First Trimester

Q&A: Leg Cramps During Pregnancy?

Why do I get leg cramps and how can I get rid of them?

You're not alone — leg cramps (otherwise known as charley horses) are actually quite common during pregnancy and may signal one or two things: a lack of nutrients or dehydration. When your body doesn't have enough water or sodium, your muscles can contract; this is what you feel as a cramp. To prevent cramps caused by dehydration, be sure you're drinking between eight and 12 glasses of water a day. If water's not quite your thing, you can include milk, juice (avoid juice packed with sugar), sparkling water and decaf tea and coffee in the mix, too.

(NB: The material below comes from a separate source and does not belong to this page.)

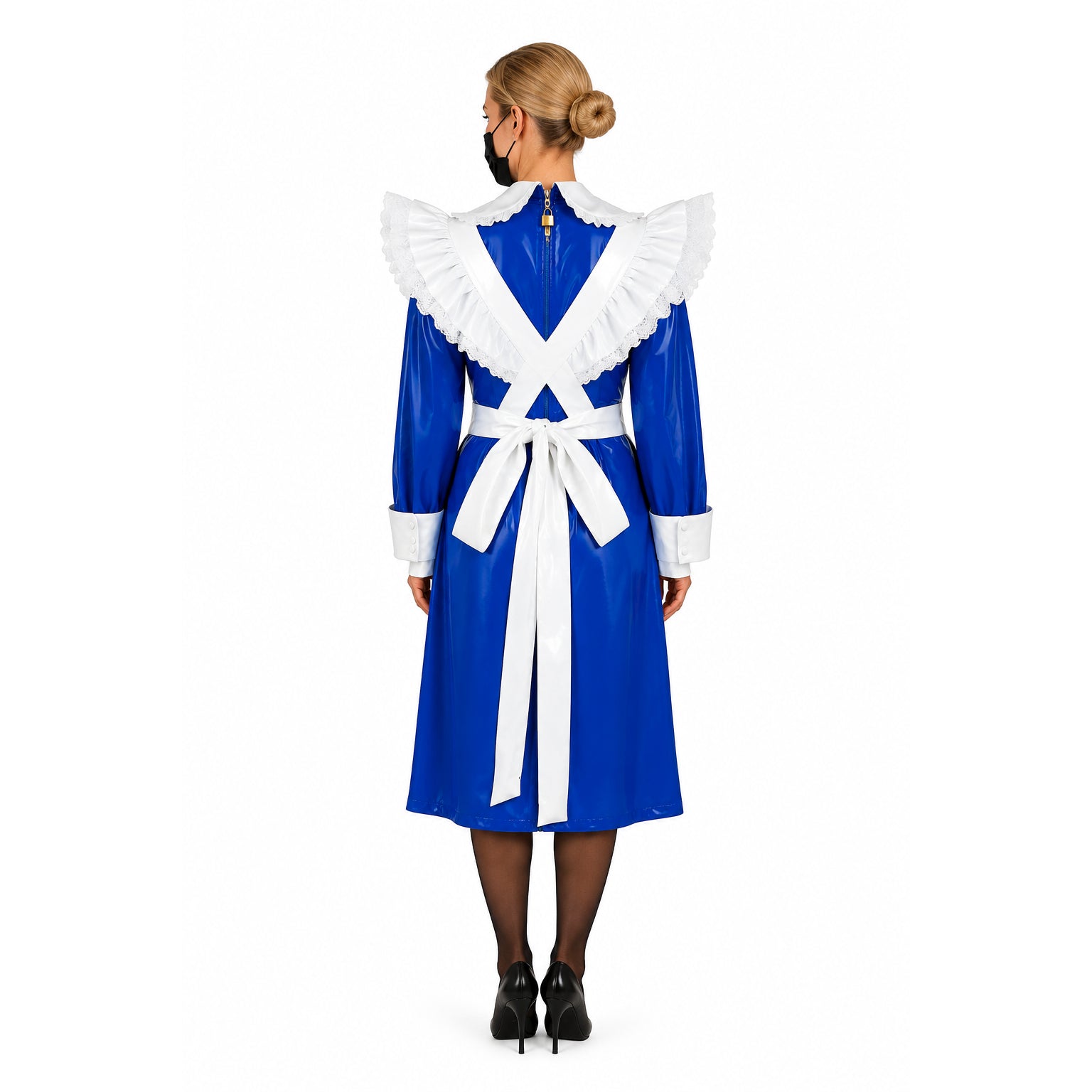 blaues dünnes PVC-Kleid G772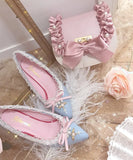 Advbridge Lolita Pointed Toe Pumps Women's Shoes High Heel 7.5cm French Shallow Mouth Cute Kawaii Shoes Cosplay Loli Daily Single Shoes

The other problem may be your diet. Drops in potassium, calcium or magnesium can all lead to muscle spasms. Now that you're pregnant, you should have 4,700 milligrams of potassium, 1,000 to 1,300 milligrams of calcium and 350 to 360 milligrams of magnesium per day.

Leg cramps tend to be more common (and painful!) in the third trimester. So if you haven't felt this yet, you may still — just think of all that extra weight your legs are going to have to carry soon! In addition to eating and drinking right, there are some things you can do to limit those sharp pains in your calves. Stretching will keep your muscles more elastic and less likely to contract. Walking around and getting that blood flowing might help, too.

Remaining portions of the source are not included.